Et, voyez-vous, la preuve que Marie-Madeleine ne lui manque d’aucun respect, c’est qu’elle ne se jette pas à son cou mais à ses pieds ! « Ces pieds qui ont tant aimé le monde ! » Je ne pense pas que Jésus la repousse quand il lui dit : « Ne me retiens pas. » Mais il veut lui signifier que ce n’est plus à elle de s’occuper de lui, désormais, c’est lui qui va s’occuper d’elle et de tous les hommes, car sa résurrection puis son ascension qu’il évoque, lui permettront d’être présent à tous et à chacun en même temps, ce qu’il ne pouvait pas faire dans sa vie terrestre. Il ne lui interdit pas la relation, mais il commence à l’initier à un autre mode de relation qui sera encore plus grand.

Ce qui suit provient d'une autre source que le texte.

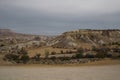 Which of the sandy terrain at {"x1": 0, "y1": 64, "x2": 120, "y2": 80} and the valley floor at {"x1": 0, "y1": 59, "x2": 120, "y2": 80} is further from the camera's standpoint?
the valley floor at {"x1": 0, "y1": 59, "x2": 120, "y2": 80}

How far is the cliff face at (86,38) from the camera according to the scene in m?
108

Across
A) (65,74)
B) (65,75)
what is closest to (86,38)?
(65,74)

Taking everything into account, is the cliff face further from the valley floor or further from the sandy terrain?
the sandy terrain

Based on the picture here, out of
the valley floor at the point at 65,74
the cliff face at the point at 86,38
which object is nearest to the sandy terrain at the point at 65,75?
the valley floor at the point at 65,74

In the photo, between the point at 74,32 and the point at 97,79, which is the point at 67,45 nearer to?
the point at 74,32

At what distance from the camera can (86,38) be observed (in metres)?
115

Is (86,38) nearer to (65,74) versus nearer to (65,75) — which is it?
(65,74)

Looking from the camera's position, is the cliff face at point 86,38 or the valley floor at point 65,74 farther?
the cliff face at point 86,38

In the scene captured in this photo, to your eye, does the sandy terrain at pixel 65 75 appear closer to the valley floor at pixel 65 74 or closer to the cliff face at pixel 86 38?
the valley floor at pixel 65 74

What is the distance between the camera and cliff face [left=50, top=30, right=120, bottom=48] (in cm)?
10806

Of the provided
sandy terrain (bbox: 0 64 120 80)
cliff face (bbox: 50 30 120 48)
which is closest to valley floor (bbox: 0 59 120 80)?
sandy terrain (bbox: 0 64 120 80)

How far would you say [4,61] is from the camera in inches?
2768

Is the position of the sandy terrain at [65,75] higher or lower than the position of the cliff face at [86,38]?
lower

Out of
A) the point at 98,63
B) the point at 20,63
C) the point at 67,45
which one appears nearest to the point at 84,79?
the point at 98,63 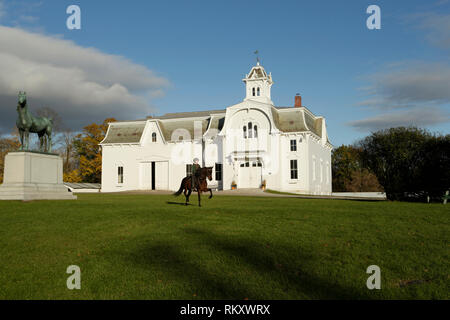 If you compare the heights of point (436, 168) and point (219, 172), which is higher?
point (219, 172)

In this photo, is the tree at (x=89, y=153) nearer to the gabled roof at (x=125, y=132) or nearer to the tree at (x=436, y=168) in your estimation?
the gabled roof at (x=125, y=132)

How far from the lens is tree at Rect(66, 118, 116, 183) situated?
4909cm

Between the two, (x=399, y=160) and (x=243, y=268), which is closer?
(x=243, y=268)

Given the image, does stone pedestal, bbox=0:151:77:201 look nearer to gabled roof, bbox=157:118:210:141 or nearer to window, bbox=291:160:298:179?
gabled roof, bbox=157:118:210:141

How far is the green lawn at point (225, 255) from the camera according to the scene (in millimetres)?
6250

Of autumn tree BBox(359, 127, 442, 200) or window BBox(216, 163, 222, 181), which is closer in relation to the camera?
autumn tree BBox(359, 127, 442, 200)

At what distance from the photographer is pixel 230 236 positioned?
30.5 feet

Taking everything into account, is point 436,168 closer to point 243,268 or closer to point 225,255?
point 225,255

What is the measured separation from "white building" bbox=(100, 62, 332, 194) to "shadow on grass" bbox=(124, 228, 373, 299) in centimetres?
2677

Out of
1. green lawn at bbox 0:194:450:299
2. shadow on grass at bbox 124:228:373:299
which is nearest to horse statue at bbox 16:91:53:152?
green lawn at bbox 0:194:450:299

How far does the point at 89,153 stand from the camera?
1954 inches

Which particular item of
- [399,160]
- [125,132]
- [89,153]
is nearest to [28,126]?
[399,160]

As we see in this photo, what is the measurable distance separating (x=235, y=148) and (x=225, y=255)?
94.0 feet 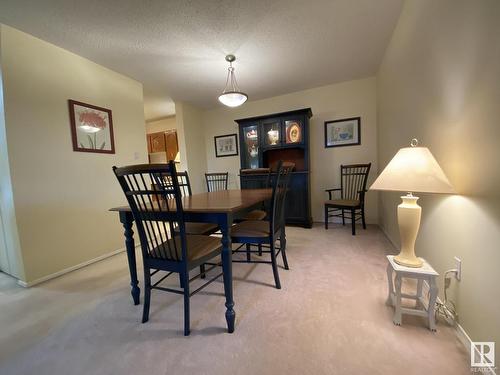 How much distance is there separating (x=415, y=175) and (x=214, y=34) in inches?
83.6

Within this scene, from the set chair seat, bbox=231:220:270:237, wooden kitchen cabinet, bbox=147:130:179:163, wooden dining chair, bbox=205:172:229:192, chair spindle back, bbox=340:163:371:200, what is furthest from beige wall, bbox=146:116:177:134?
chair seat, bbox=231:220:270:237

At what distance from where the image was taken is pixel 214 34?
6.75 ft

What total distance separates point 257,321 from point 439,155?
1553mm

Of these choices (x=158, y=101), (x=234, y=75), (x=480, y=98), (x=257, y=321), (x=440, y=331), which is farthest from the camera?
(x=158, y=101)

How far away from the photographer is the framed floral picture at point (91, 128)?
2301 mm

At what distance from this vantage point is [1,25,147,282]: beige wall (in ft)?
6.21

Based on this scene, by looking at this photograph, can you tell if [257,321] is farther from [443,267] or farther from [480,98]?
[480,98]

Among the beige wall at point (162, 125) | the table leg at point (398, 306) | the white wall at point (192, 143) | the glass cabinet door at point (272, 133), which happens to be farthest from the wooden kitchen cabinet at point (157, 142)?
the table leg at point (398, 306)

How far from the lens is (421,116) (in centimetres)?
156

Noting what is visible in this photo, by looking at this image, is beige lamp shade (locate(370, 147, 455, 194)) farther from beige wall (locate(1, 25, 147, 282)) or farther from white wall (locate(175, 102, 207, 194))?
white wall (locate(175, 102, 207, 194))

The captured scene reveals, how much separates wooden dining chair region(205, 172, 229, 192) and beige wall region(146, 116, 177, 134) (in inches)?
65.4

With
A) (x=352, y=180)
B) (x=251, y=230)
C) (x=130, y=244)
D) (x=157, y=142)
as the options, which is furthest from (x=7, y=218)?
(x=352, y=180)

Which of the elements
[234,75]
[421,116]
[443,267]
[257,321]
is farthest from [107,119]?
[443,267]

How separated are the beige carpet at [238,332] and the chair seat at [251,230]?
439 mm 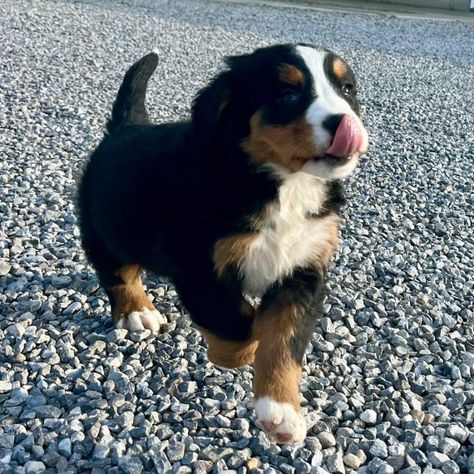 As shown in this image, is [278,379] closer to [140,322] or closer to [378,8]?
[140,322]

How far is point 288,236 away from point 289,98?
47 centimetres

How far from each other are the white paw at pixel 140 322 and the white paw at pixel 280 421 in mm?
886

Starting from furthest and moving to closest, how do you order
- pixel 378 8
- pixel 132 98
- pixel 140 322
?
pixel 378 8 < pixel 132 98 < pixel 140 322

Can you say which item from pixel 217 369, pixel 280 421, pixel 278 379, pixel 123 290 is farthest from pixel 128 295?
pixel 280 421

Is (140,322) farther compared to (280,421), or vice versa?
(140,322)

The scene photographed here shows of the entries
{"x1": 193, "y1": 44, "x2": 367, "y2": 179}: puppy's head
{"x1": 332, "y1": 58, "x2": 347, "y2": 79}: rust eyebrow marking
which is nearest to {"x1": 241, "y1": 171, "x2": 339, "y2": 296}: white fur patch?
{"x1": 193, "y1": 44, "x2": 367, "y2": 179}: puppy's head

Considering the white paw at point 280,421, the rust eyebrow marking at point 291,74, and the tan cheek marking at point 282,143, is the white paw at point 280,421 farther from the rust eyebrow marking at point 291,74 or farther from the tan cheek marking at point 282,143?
the rust eyebrow marking at point 291,74

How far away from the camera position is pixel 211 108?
8.36ft

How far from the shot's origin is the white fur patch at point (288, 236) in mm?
2545

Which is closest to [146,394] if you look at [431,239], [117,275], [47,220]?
[117,275]

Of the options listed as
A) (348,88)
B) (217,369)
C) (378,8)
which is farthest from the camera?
(378,8)

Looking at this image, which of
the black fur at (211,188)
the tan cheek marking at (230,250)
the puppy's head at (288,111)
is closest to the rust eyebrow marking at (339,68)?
the puppy's head at (288,111)

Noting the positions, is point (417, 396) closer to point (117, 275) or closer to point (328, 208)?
point (328, 208)

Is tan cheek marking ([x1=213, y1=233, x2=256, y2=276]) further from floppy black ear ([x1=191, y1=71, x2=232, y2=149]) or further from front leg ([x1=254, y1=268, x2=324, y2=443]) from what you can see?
floppy black ear ([x1=191, y1=71, x2=232, y2=149]) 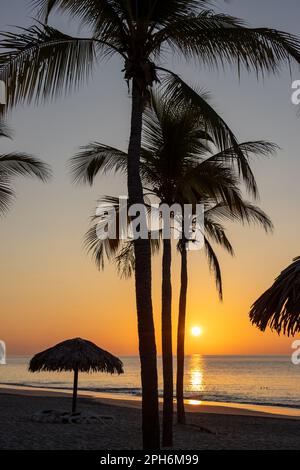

Oui, c’est bien vrai, Jésus avait bien raison : celui à qui on pardonne peu Oui, c’est bien vrai, Jésus avait bien raison : celui à qui on pardonne peu montre peu d’amour mais celui à qui on a beaucoup pardonné montrera beaucoup d’amour ! C’est ce « beaucoup d’amour » que Jésus espère de nous en nous offrant son pardon, beaucoup d’amour à son égard, beaucoup d’amour entre nous. C’est ce « beaucoup d’amour » que Jésus désire bien plus que notre impeccabilité ! Et c’est donc une pécheresse pardonnée, au cœur débordant d’amour, qu’il envoie vers les apôtres, ces pécheurs en attente de pardon, pour signifier que l’évangélisation la plus féconde ne pourra qu’être l’œuvre de pécheurs pardonnés laissant déborder cet amour qu’ils ont reçu sans aucun mérite et qu’ils veulent propager car rien ne sera plus bienfaisant que cet amour.